Quase 3 mil pessoas foram executadas em Plötzensee por decapitação ou enforcamento enquanto Adolf Hitler esteve no poder.
Stieve trabalhou como diretor do Instituto de Anatomia de Berlim de 1935 até sofrer um derrame e morrer, em 1952.
O anatomista deixou vários registros de seu trabalho com os corpos dos prisioneiros e tinha um interesse especial pelo sistema reprodutivo.
Ele foi um dos primeiros cientistas a indicar que o estresse poderia impactar o ciclo menstrual de uma mulher, ao analisar como prisioneiras reagiam à notícia de que seriam executadas.
Segundo a Alliance for Human Research Protection, organização americana que defende métodos de pesquisa médica responsáveis e éticos, Stieve "colaborava com o terror ao dizer às prisioneiras a data em que ela seriam executadas; ele, então, se coordenava com a Gestapo (polícia secreta nazista) para remover os órgãos pélvicos para a análise de tecidos imediatamente após a execução".
Justiça histórica
Andreas Winkelmann, pesquisador da Escola Médica Brandenburg, disse à agência AFP que o enterro de pedaços humanos microscópicos é bastante incomum.
"Mas essa é uma história especial, porque os pedaços vêm de pessoas que não tiveram acesso a túmulos, de modo que seus parentes não saberiam onde estavam enterradas", ele afirmou.

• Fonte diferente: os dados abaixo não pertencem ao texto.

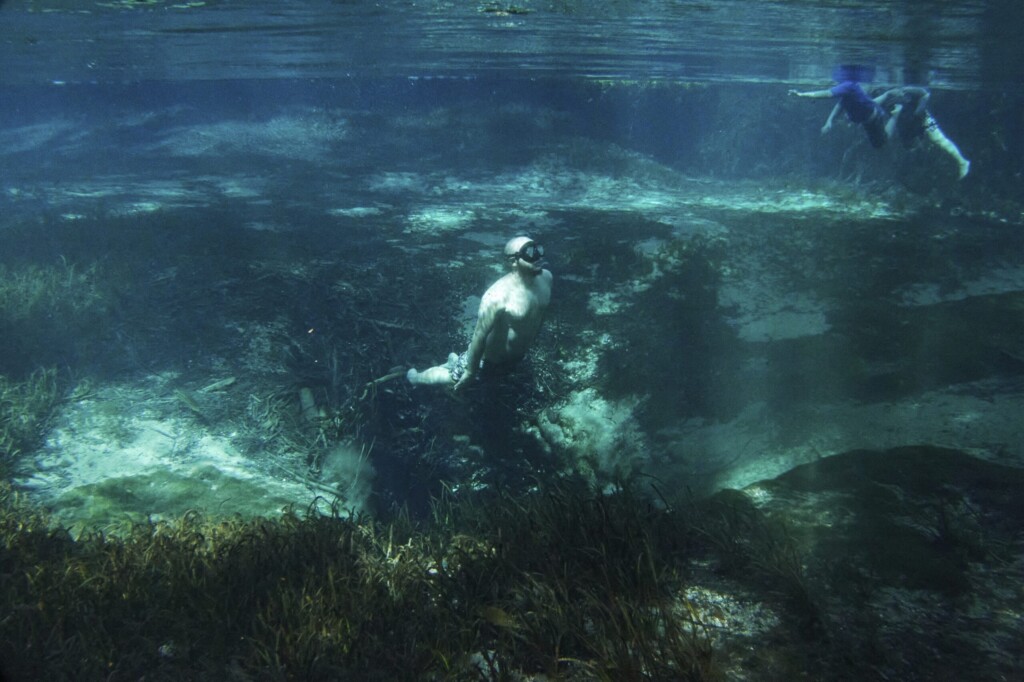 Florida’s once-pristine springs are under growing threat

Sabine Hildebrandt é uma anatomista alemã que publicou um livro sobre transgressões éticas e pesquisas no campo da anatomia durante o regime nazista.
Em 2013, ela disse à BBC que Stieve tirou proveito dessas políticas, que incluíam o uso acentuado da pena capital como punição.
"Até 1933, ele podia obter os corpos de homens executados, mas não de mulheres; a Alemanha não executava mulheres", ela disse.
"Então, de repente, durante o Terceiro Reich, as mulheres passaram a ser executadas também."
Como Stieve não era um membro do partido nazista, ele não foi processado depois da Segunda Guerra Mundial.
Em um comunicado, Karl Max Einhäupl, CEO do hospital universitário Charité, disse que o enterro dos restos humanos integrava esforços da instituição para confrontar sua relação com o nazismo.
"Ao enterrar pedaços microscópicos no Cemitério Dorotheenstadt, queremos ajudar a resgatar um pouco da dignidade das vítimas", disse.